Over-parameterization and using big datasets are known to result in better generalization performance when training PLMs. → Very big PLMs that require hundreds of GBs of GPU memory for finetuning and inference.
Effectively fineutning a PLM with limited resources while maintaining performance remains an open challenge.
Pruning
- Based on the argument that not all weights of PLM are necessary for a given downstream task.
- Representative pruning techniques- or post-finetune pruning, performs better because pre-finetune pruning may yield suboptimal results by removing important parameters for the finetuning task.
- Many existing approaches still need some form of finetuning.

Contribution and Scope: RECAP

1) Explores different chunks of the model through an iterative CPU-GPU collaboration cycling between pruning, finetuning, and updating stages.

Prune the model with Taylor-approximation-based importance estimation.
Upload the pruned model to the GPU and finetune.
Transfer the updated weights to the CPU.

2) Generate a finetuning mask controlled by Fisher information, which determines the subset of the pruned model that should be updated during finetuning.

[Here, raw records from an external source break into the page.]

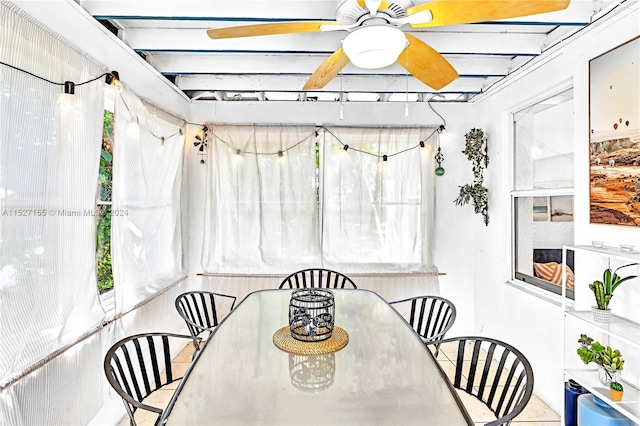 dining space featuring ceiling fan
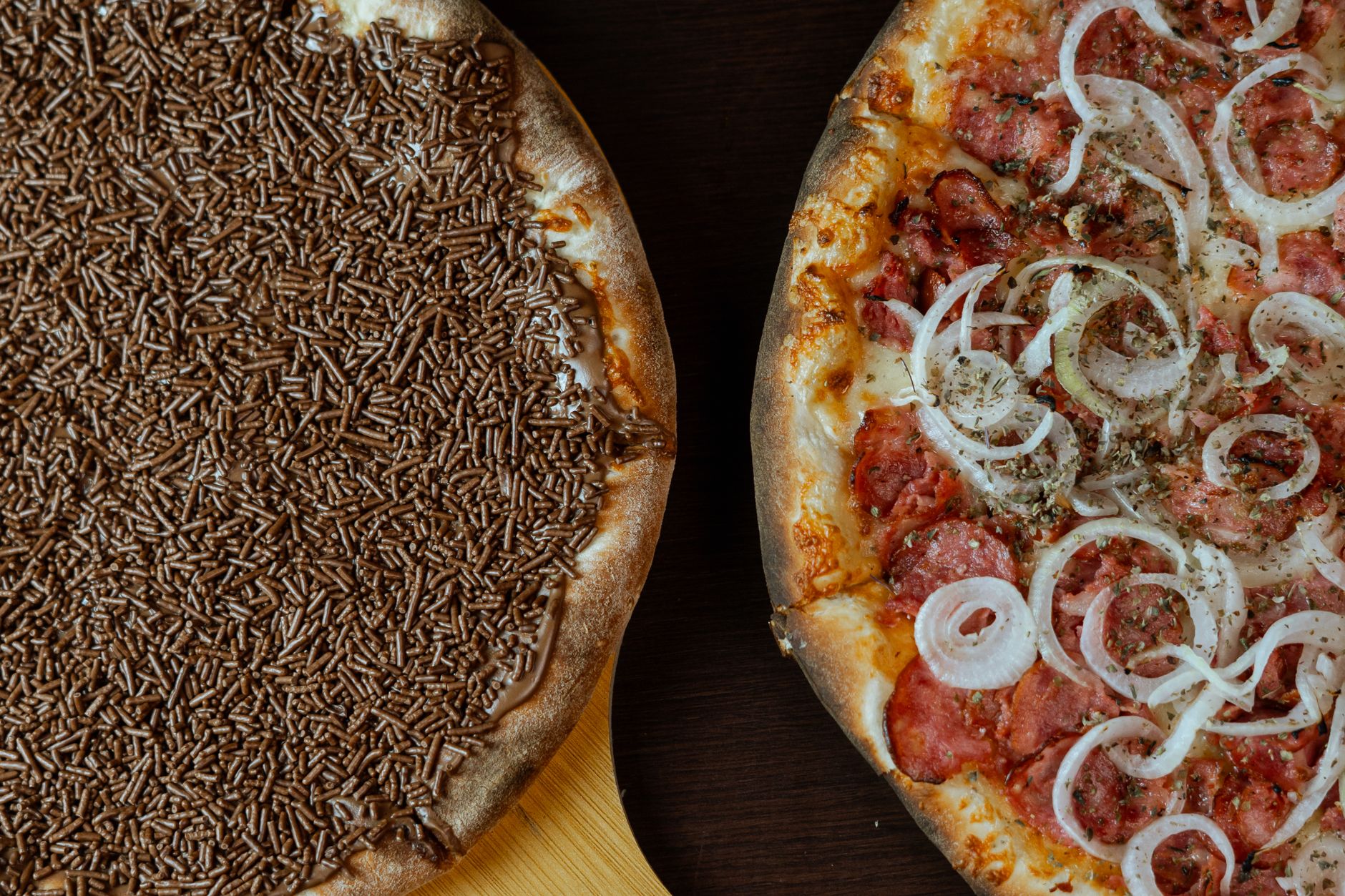 Close-up of a roasted carrot pizza slice with herbs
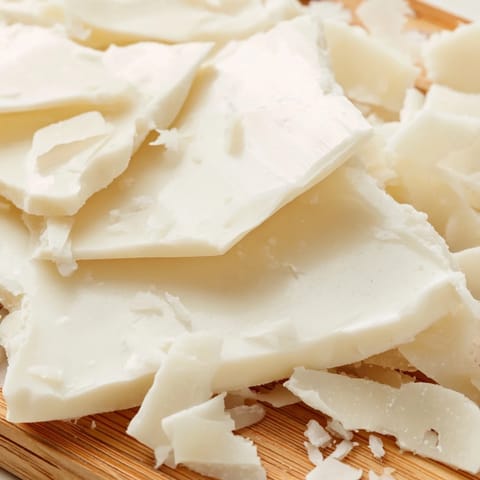 Cool, crisp parmesan shards atop delicate The Arctic Tundra white chocolate dessert.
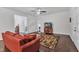 Open-concept living room with hardwood floors, ceiling fan, and lots of natural light at 500 Creek Valley Dr, Fuquay Varina, NC 27526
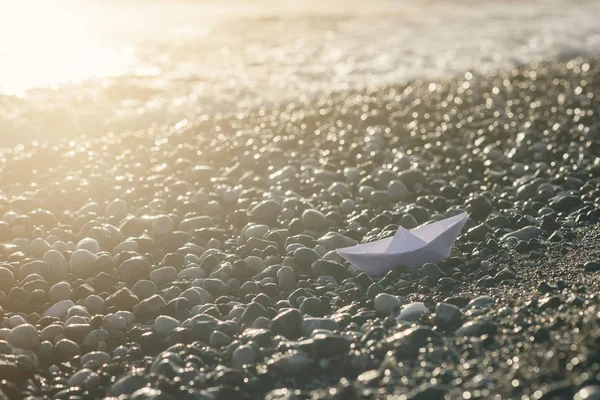 Łódź papierowa leży na wybrzeżu o wschodzie słońca. — Zdjęcie stockowe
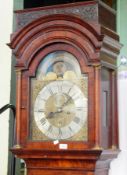 An 18th century walnut longcase clock, with canopied hood, brass dial with silvered chapter ring,
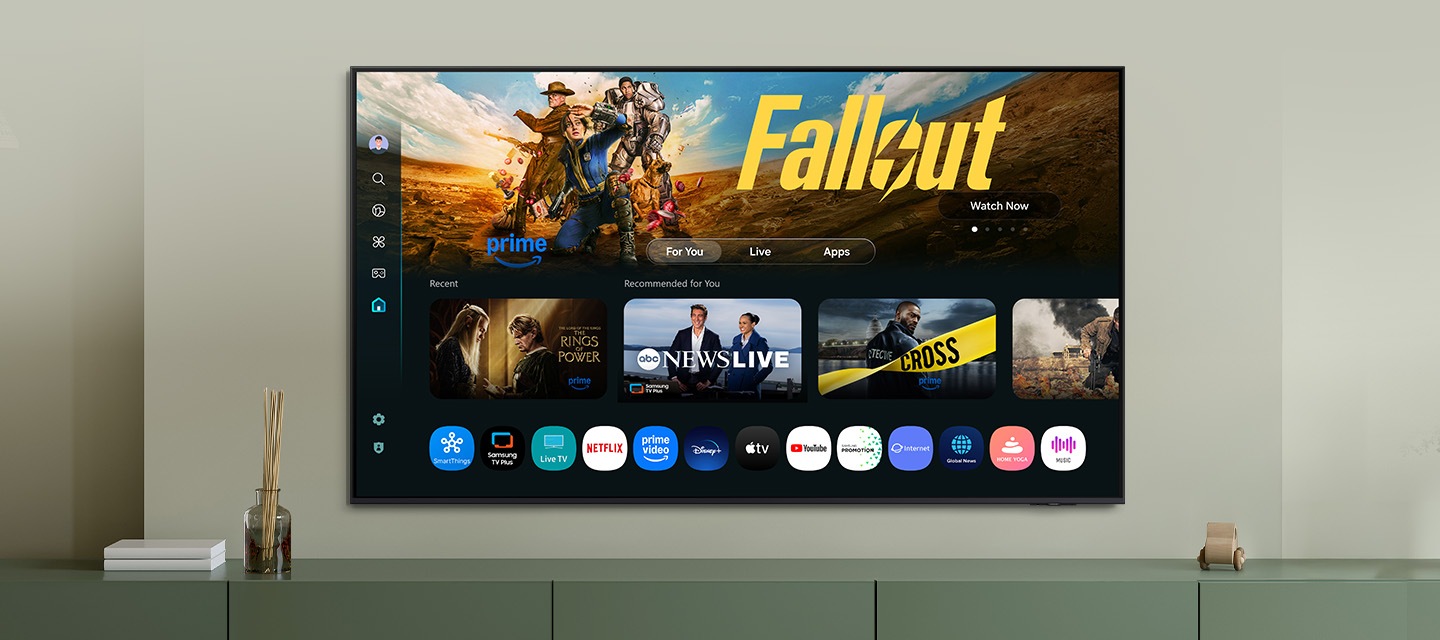 One UI Tizen’s home screen, with the various apps and services available, is displayed on a TV in a living room.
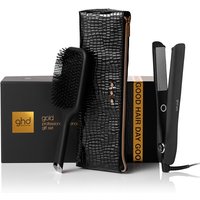 Black GHD hair straighteners with paddle brush, textured black case, and gold-accented packaging.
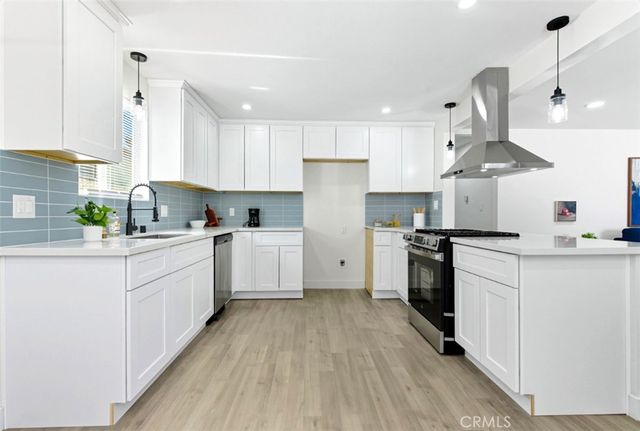 a kitchen with a white cabinets stove top oven and refrigerator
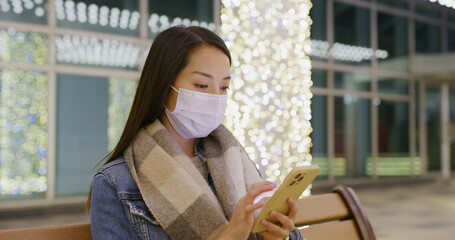 Wall Mural - Woman wear face mask and use of smart phone at night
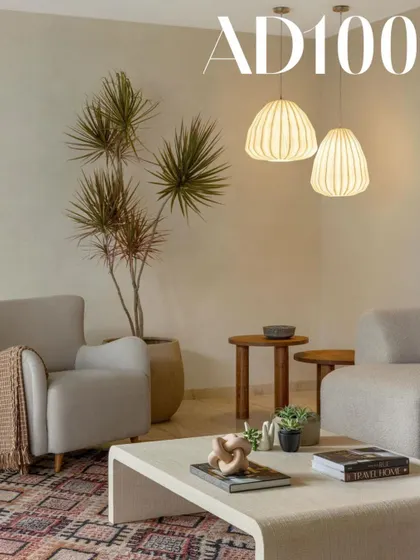 A living room from our AD100 feature, showcasing a warm minimal aesthetic with a focus on texture and sculptural forms.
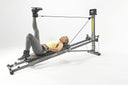 Woman doing a leg exercise with ankle cuffs on the Total Gym FIT Anniversary Edition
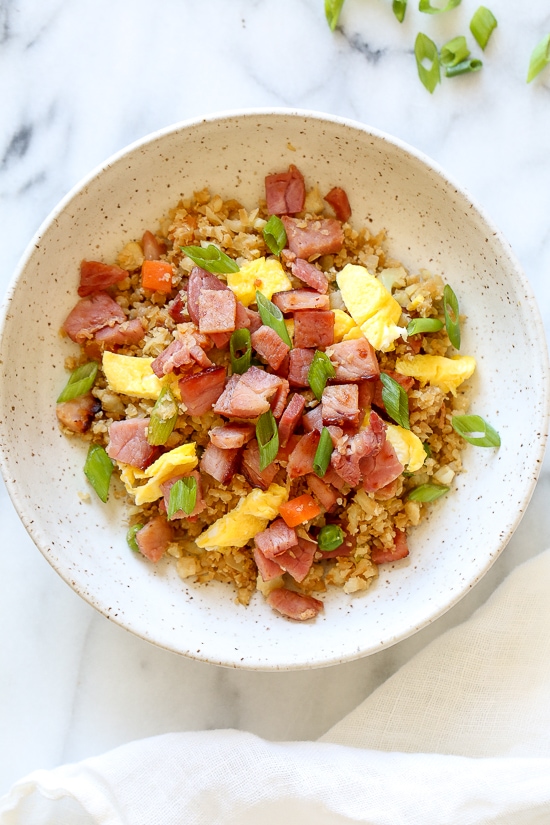 Cauliflower Fried "Rice" with Leftover Ham is a great way to use up that leftover ham from the Holidays, without the calories and carbs you may have over-indulged on.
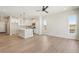 Light-filled open living space with wood floors leading into a kitchen with white cabinets and modern finishes at 17673 Brass Buckle Way, Monument, CO 80132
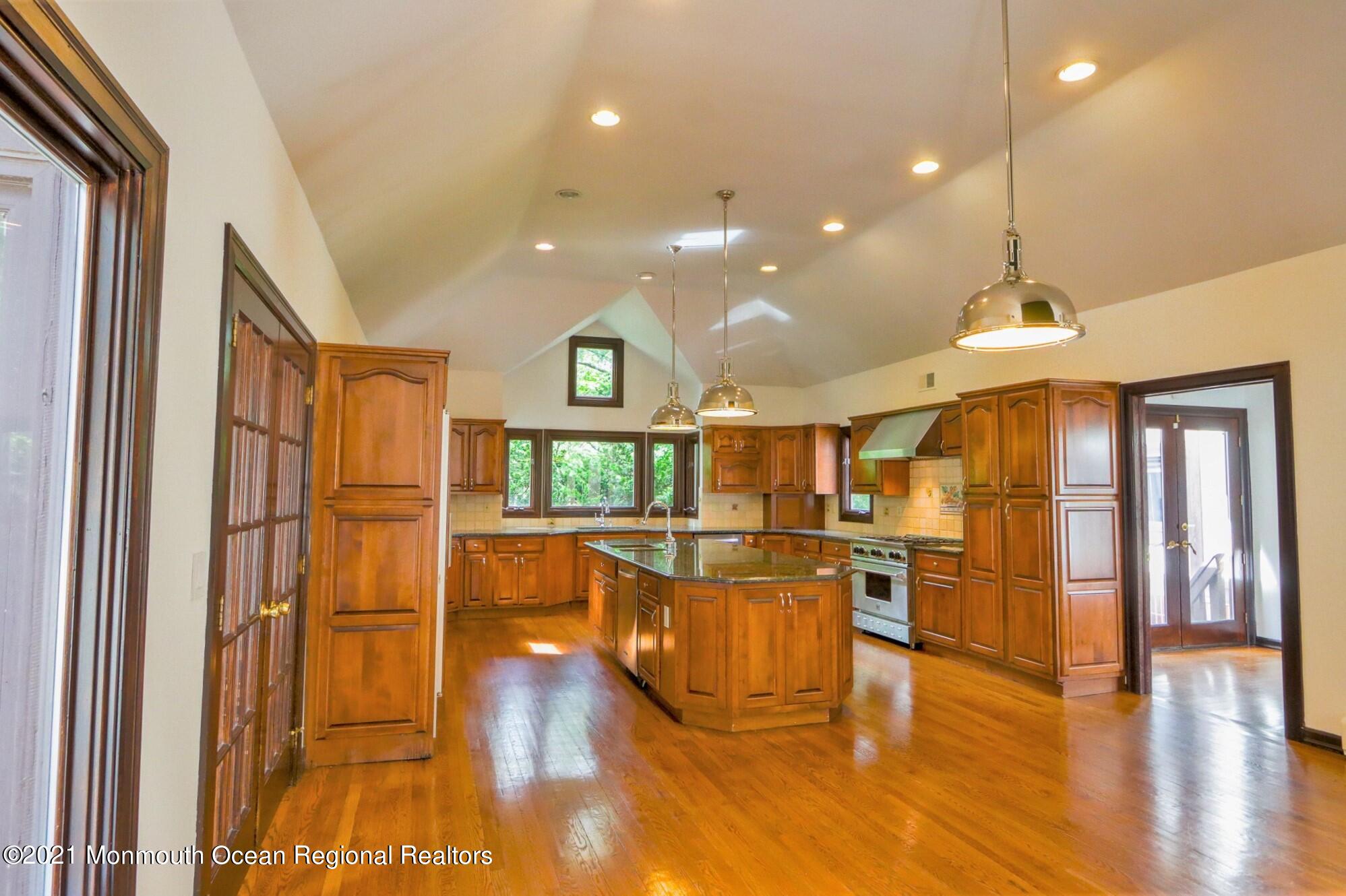 7 Perrine Circle Millstone Township, NJ 08535 - Photo 16 of 27 a open kitchen with stainless steel appliances granite countertop a refrigerator a oven a dining table and chairs with wooden floor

Prevents early saturation in the exploration process and further reduces the GPU memory footprint of gradients and optimizer states.

3. Methodology

Limitations of pre-finetune pruning
- Prunes the full model, and then finetunes the pruned model on GPU.
- Suboptimal pruning: The inability to incorporate critical information related to the downsream task during pruning.
Limitations of post-finetune pruning
- Conducts finetuning both before (to find optimal pruning params.) and after pruning.
- The full model is first finetuned on GPU followed by pruning → pruned model is finetuned again on GPU.
RECAP
- Iteratively finetune various chunks of the full model to maintain high quality in the finetuned pruned model (= to find optimal pruning params.)
- Leverages the CPU to determine which part of the model to operate on and which weights to update at each iteration.
RECAP Steps
1. Inject task-specific heads into the pre-trained base model.
2. Compute importance metrics for all model weights of pruned model at the CPU.
  - Sample a tiny subset of the dataset and approximate how much the objective loss changes when removing weights using a first-order Taylor expansion.
3. Determine which weights within the pruned model should be updated during 2nd finetuning.
  - Use empirical Fisher so that weights with lower gradient values will not be updated.
4. Load the pruned model and finetuning masks to GPU. Perform 2nd finetuning on the downstream task/dataset.
5. Only update weights of the pre-computed fine-tuning mask. Update the full model weights at the CPU.

3.1. Pruning Stage

3.1.1. Grouping Model Weights

Unstructured pruning: Pruning decision made for each weight. → Unstructured sparsity in weight matrices (masked version of the original) after pruning.
Structured pruning: Model weights are grouped, and the same pruning decision is made for weights within each group. → Hardware-friendly

Transformer weights
- Attention modules: Each group contains Q,K,V, output weight matrices corresponding to a head.
- Feedforward layers: Each group contains model weights corresponding to a hidden dimension.

3.1.2. Importance Estimation for Pruning

Compute the importance of each weight group within the model. → Using Taylor expansion-based weight importance estimation approach.